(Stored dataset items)
_ _ _ _
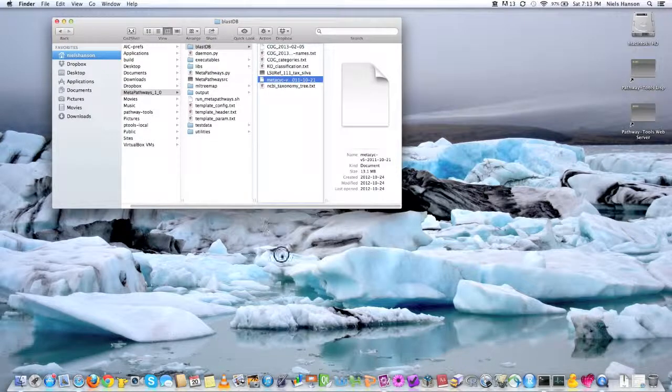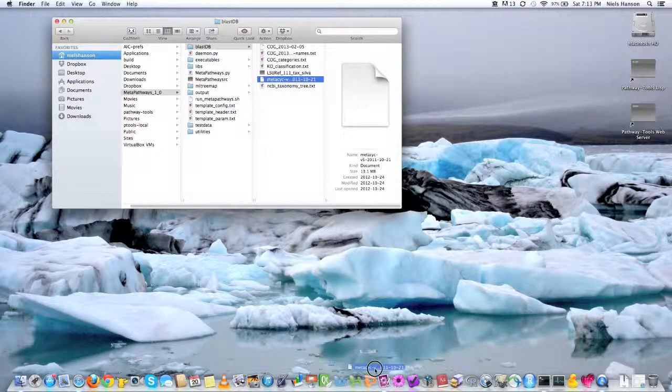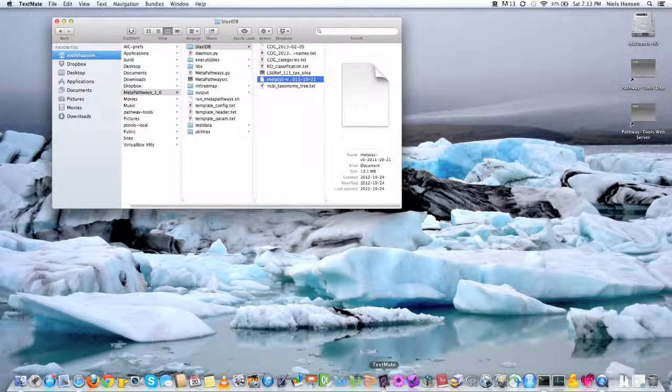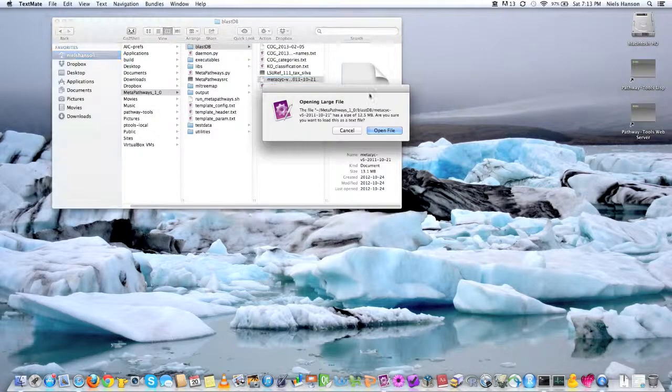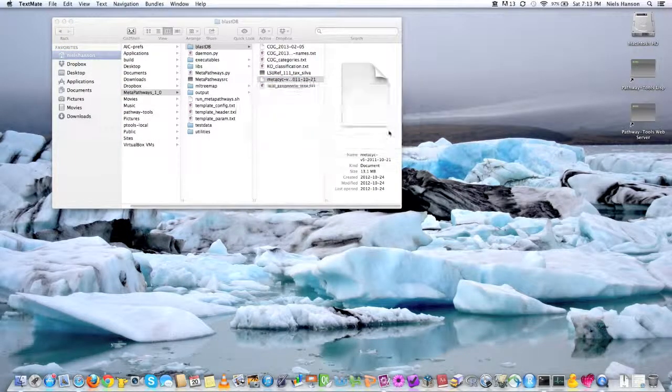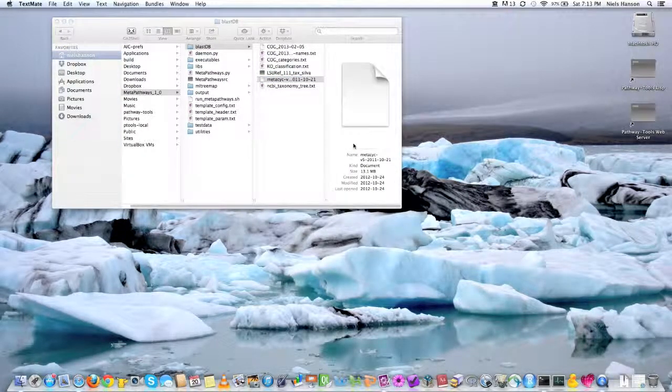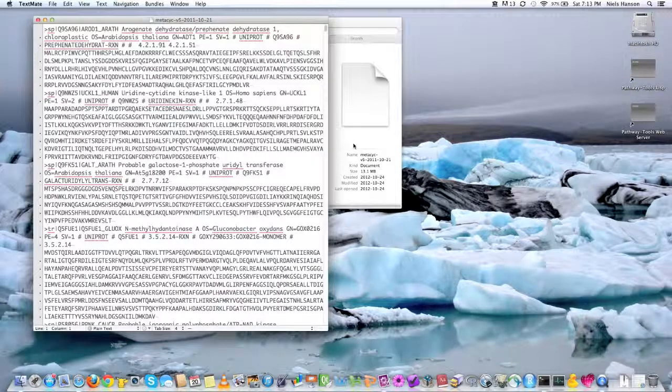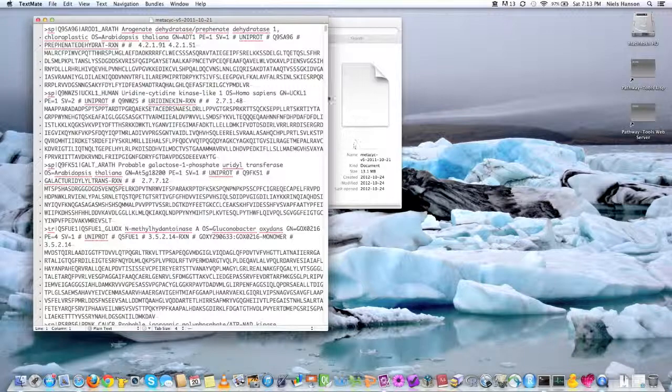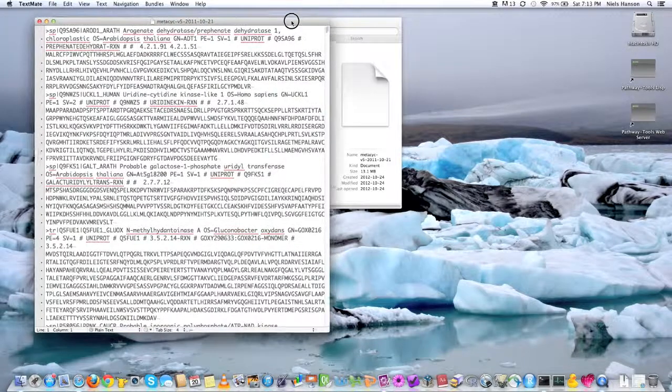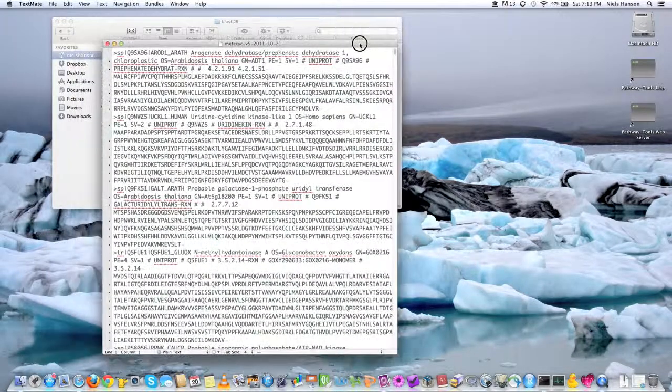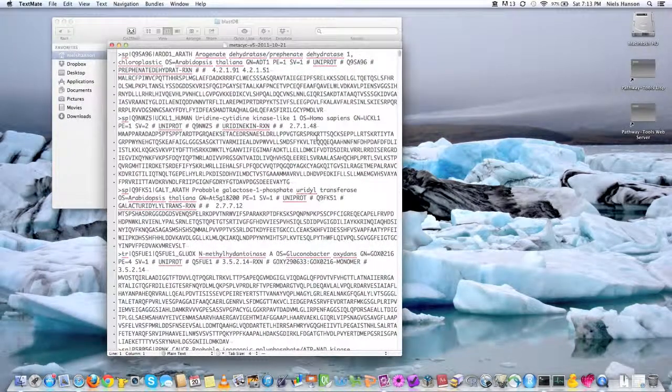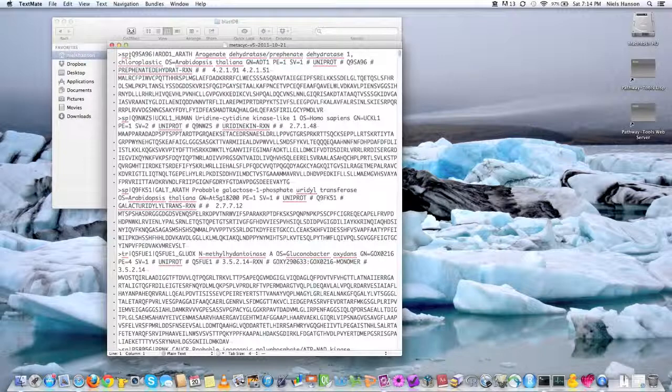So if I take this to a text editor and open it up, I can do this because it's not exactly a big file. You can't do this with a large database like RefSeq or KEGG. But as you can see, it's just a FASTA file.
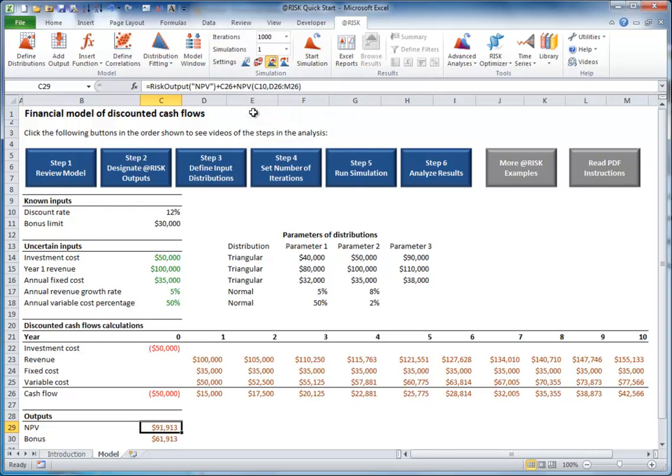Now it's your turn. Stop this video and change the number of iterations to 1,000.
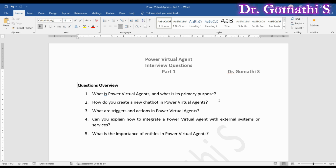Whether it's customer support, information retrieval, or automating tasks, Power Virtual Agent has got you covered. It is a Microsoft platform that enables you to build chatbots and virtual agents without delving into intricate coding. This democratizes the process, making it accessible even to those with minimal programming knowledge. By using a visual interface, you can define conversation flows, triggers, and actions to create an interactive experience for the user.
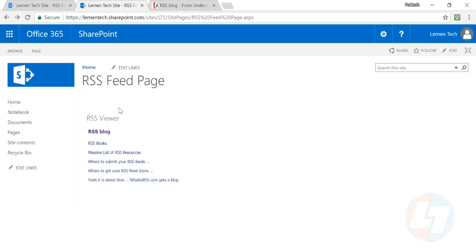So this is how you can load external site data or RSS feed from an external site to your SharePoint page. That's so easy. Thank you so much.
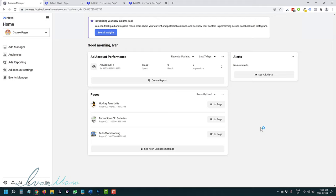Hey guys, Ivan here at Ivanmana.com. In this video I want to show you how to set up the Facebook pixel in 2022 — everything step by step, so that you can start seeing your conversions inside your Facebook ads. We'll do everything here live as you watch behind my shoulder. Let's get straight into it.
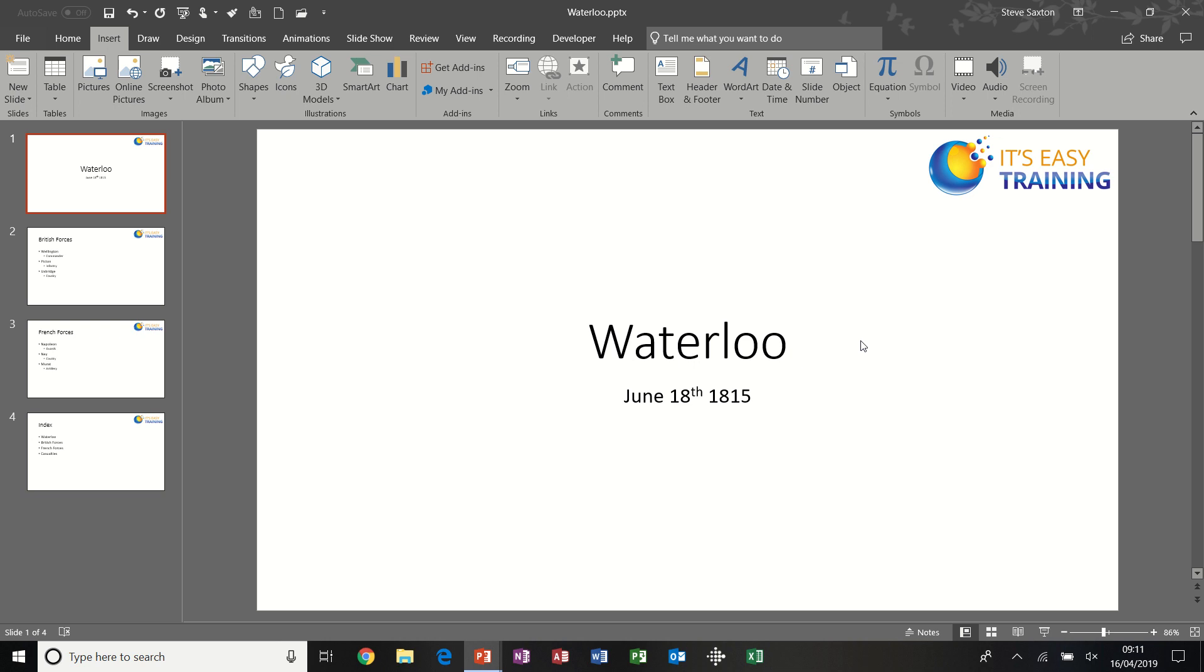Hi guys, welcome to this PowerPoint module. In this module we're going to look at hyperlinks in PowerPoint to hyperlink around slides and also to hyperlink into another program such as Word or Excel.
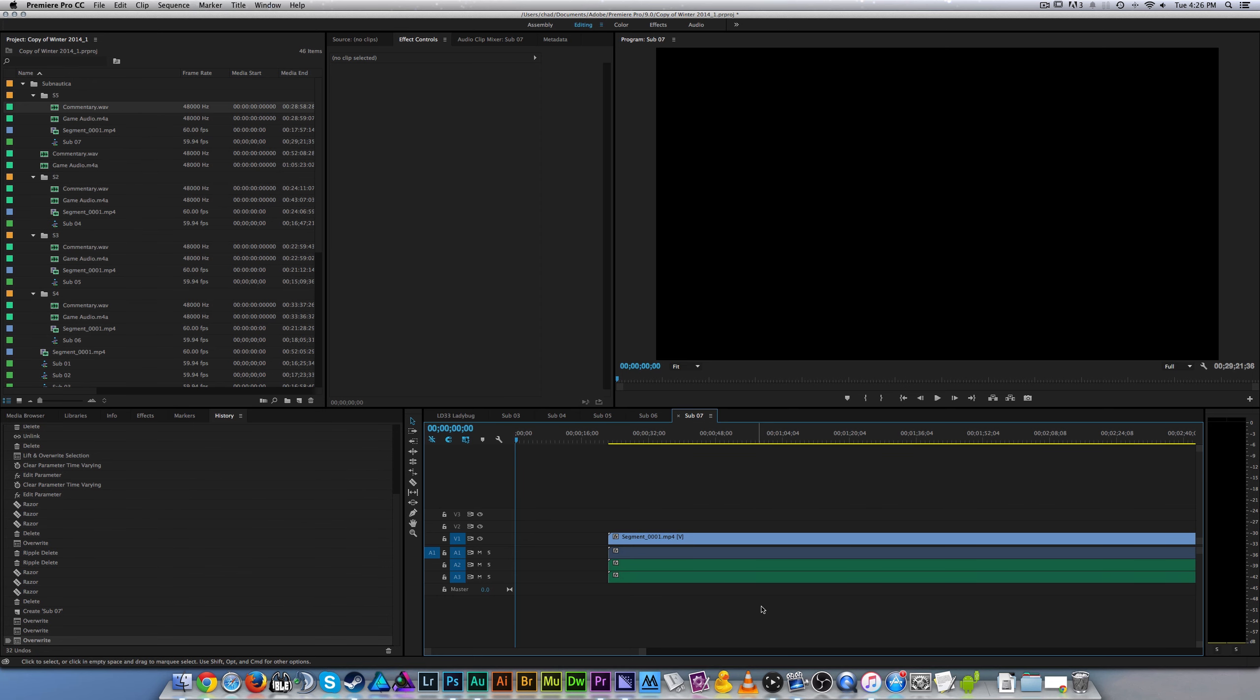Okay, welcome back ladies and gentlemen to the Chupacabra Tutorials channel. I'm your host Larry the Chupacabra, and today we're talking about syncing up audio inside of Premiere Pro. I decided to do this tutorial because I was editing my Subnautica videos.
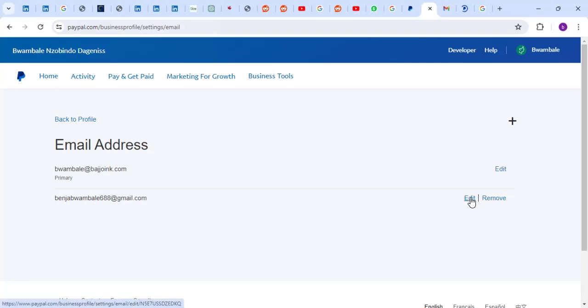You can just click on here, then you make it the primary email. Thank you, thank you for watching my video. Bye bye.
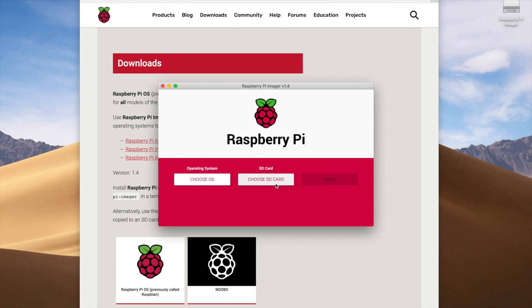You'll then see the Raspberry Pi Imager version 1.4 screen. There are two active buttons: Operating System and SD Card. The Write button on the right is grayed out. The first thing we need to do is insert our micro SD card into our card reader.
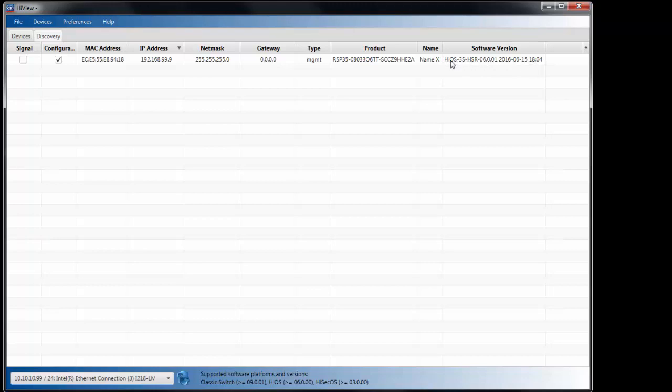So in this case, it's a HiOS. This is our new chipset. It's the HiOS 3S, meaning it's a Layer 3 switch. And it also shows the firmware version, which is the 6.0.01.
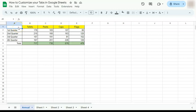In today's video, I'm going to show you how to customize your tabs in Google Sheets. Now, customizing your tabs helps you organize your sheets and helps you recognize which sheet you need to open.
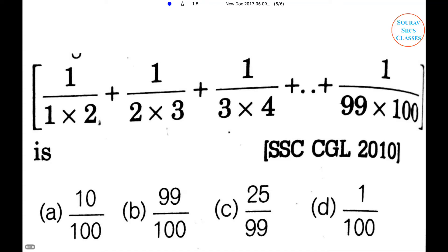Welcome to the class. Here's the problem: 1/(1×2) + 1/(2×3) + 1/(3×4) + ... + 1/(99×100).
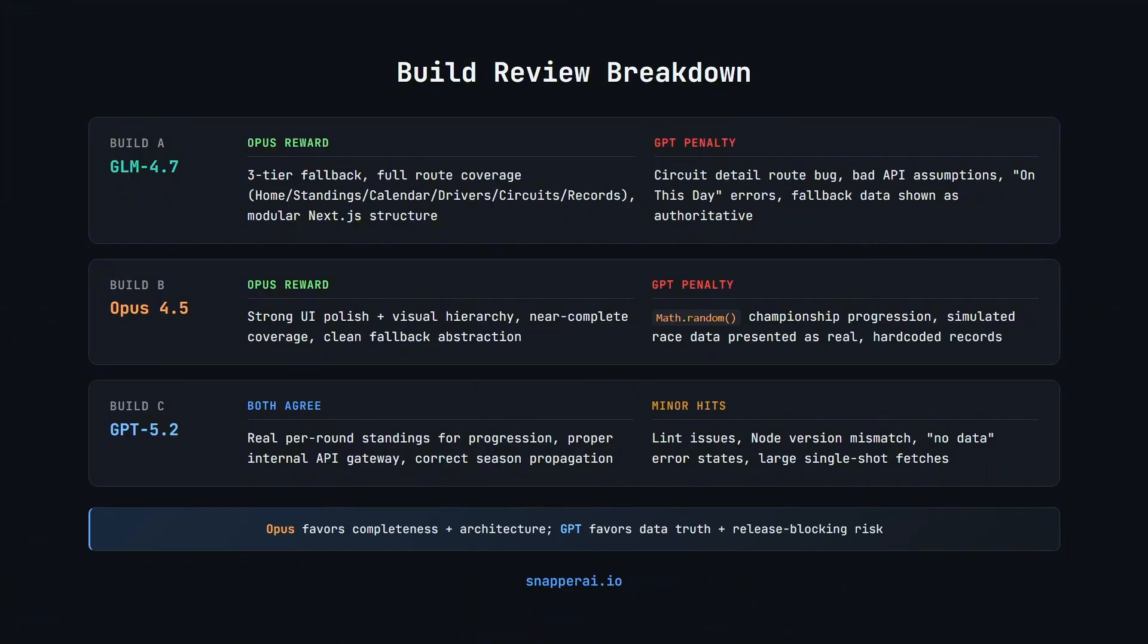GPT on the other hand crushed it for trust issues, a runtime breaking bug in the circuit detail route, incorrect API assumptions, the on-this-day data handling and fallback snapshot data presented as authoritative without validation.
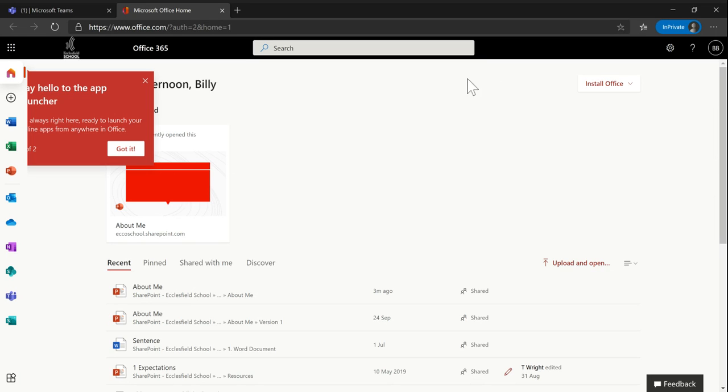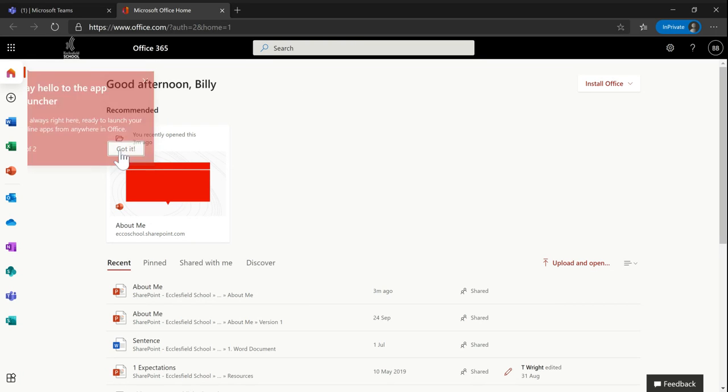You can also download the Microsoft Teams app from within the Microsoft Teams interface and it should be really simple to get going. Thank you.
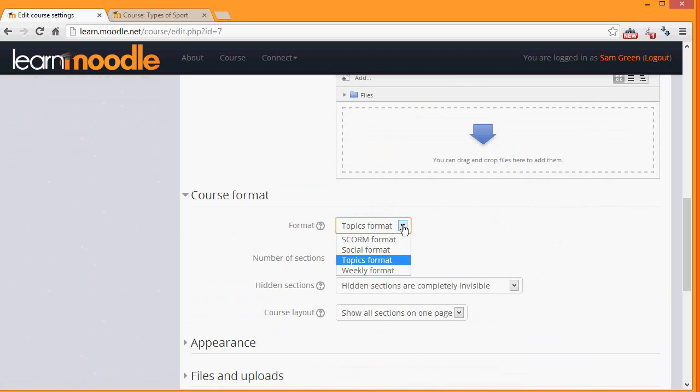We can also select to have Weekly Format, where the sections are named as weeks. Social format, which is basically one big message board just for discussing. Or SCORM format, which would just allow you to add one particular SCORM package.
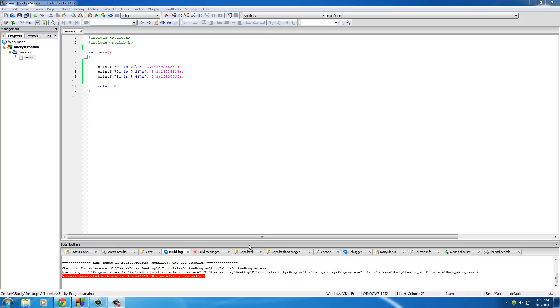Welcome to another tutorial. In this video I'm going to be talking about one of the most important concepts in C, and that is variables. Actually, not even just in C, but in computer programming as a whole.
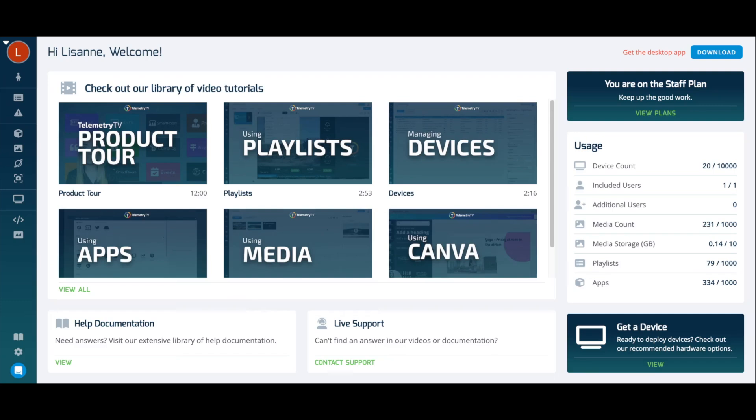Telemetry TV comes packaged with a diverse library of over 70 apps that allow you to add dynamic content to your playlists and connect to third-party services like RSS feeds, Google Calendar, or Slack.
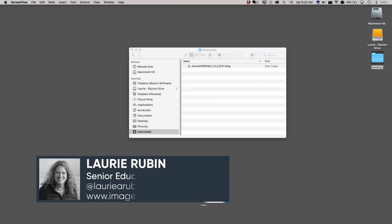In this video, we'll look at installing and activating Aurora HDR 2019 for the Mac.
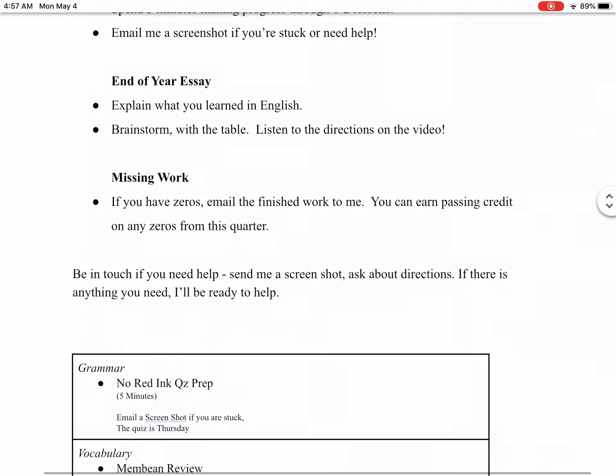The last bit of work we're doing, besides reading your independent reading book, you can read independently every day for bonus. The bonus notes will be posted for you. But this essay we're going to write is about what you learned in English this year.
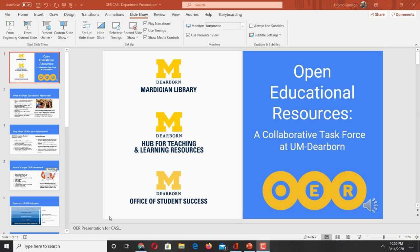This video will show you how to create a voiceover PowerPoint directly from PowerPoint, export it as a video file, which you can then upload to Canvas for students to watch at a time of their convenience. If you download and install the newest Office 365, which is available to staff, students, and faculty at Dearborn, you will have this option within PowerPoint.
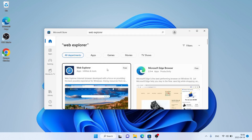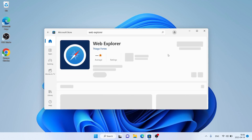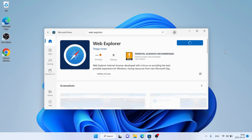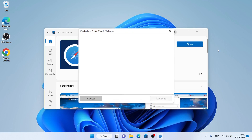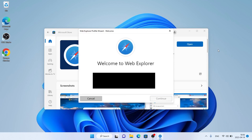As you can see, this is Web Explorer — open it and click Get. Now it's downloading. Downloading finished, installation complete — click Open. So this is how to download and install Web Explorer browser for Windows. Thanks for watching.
_ _ _ _
Directions »
Nothing but the lines above, starting at the line that contains "So in this case, it's" and ending at the line that contains "In today's video, I'm", should be given again, exactly and without the pictures.

Answer to the problem »
So in this case, it's a HiOS. This is our new chipset. It's the HiOS 3S, meaning it's a Layer 3 switch. And it also shows the firmware version, which is the 6.0.01.
In today's video, I'm going to show you how to customize your tabs in Google Sheets. Now, customizing your tabs helps you organize your sheets and helps you recognize which sheet you need to open.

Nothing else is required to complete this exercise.